Create the source Kafka cluster

In this step, you create a Managed Service for Apache Kafka cluster. This cluster is the source cluster, which contains the data to replicate.

Console

Go to the Managed Service for Apache Kafka > Clusters page.

Go to Clusters
Click Create.
In the Cluster name box, enter a name for the cluster.
In the Region list, select a location for the cluster.
For Network configuration, configure the subnet where the cluster is accessible.
1. For Project, select your project.
2. For Network, select a VPC network in your project.
3. For Subnet, select a subnet.
4. Click Done.
Click Create.

While the cluster is being created, the cluster state is Creating. When the cluster has finished being created, the state is Active.

gcloud

To create the source Kafka cluster, run the managed-kafka clusters create command.

gcloud managed-kafka clusters create SOURCE_KAFKA_CLUSTER \
--location=SOURCE_REGION \
--cpu=3 \
--memory=3GiB \
--subnets=projects/PROJECT_ID/regions/SOURCE_REGION/subnetworks/SOURCE_SUBNET \
--async

Replace the following:

SOURCE_KAFKA_CLUSTER: a name for the Kafka cluster
SOURCE_REGION: the location of the cluster

For information about supported locations, see Managed Service for Apache Kafka locations.
PROJECT_ID: your project ID
SOURCE_SUBNET: the subnet where you want to deploy the cluster; for example, default

The command runs asynchronously and returns an operation ID:

Check operation [projects/PROJECT_ID/locations/SOURCE_SUBNET/operations/OPERATION_ID] for status.

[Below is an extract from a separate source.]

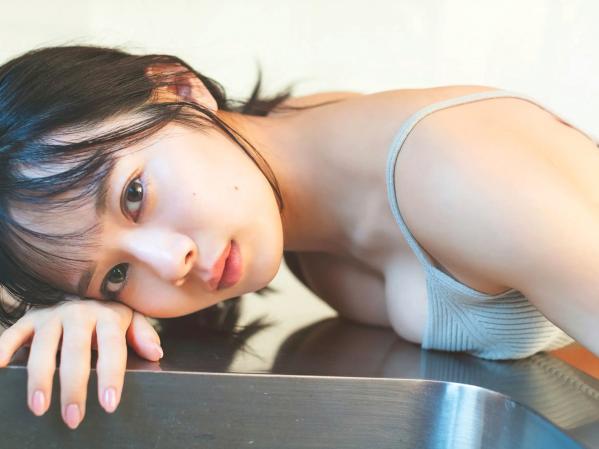    ＃ババババンビ近藤沙瑛子「Pure purple」FRIDAY写真集，居家湿身内衣与清纯泳装，展现极致纯欲性感美态第49张图片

To track the progress of the create operation, use the gcloud managed-kafka operations describe command:

gcloud managed-kafka operations describe OPERATION_ID \
  --location=SOURCE_REGION

For more information, see Monitor the cluster creation operation.

Create a Kafka topic

When the source cluster is ready, create a topic as follows:

Console

Go to the Managed Service for Apache Kafka > Clusters page.

Go to Clusters
Click the name of the cluster.
In the cluster details page, click Create Topic.
In the Topic name box, enter a name for the topic.
Click Create.

gcloud

To create a Kafka topic, run the managed-kafka topics create command.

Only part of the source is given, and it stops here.